→ Brief: Shown below is a listing with pictures; reproduce exactly, and only, the lines between the ones containing "Bhavadhaarani Juice Shop" and "Walnut Ria Countertable/Industrial", inclusive, leaving the pictures out.

→ Materials provided:
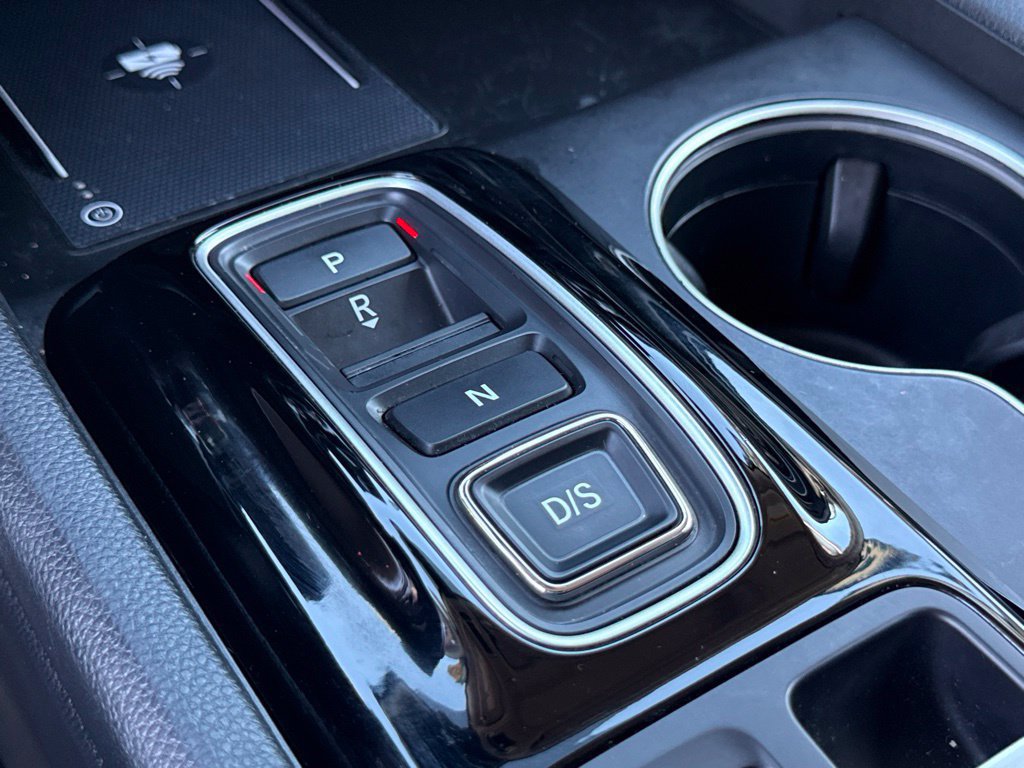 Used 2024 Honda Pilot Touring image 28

...

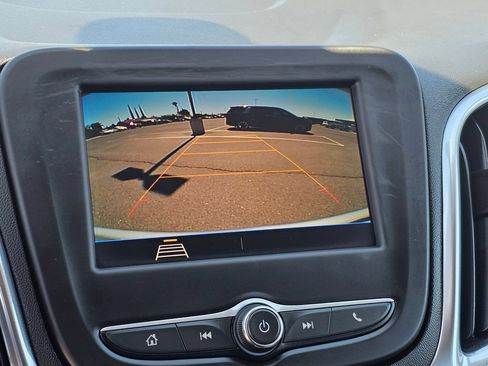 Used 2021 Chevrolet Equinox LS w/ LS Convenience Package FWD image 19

* * *

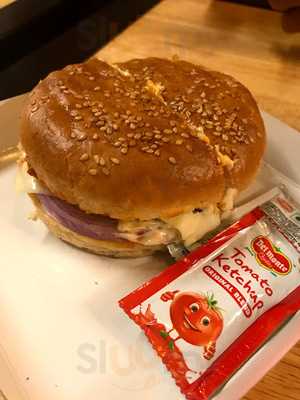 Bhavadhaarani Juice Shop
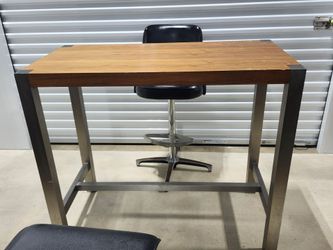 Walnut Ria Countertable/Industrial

→ Solution to this problem:
 Bhavadhaarani Juice Shop
 Walnut Ria Countertable/Industrial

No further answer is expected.